[Crawled caption data]
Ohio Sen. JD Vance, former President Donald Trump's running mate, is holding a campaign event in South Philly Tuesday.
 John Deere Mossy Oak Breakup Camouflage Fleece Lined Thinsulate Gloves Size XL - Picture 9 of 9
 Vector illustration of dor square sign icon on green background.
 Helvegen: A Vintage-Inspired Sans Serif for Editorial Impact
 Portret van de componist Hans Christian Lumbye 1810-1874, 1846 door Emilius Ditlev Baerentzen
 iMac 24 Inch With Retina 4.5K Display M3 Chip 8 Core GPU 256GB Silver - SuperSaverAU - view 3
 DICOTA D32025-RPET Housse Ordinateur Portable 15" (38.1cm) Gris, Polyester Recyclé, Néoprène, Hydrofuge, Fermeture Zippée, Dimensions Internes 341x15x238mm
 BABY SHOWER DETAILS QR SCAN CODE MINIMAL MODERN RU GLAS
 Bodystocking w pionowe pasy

> _REQUIRED ACTION_
Among the records above, only the lines between the line holding "Vector illustration of" and the line holding "iMac 24 Inch", inclusive, are to be output, exactly as written.

> _WRITTEN ANSWER_
 Vector illustration of dor square sign icon on green background.
 Helvegen: A Vintage-Inspired Sans Serif for Editorial Impact
 Portret van de componist Hans Christian Lumbye 1810-1874, 1846 door Emilius Ditlev Baerentzen
 iMac 24 Inch With Retina 4.5K Display M3 Chip 8 Core GPU 256GB Silver - SuperSaverAU - view 3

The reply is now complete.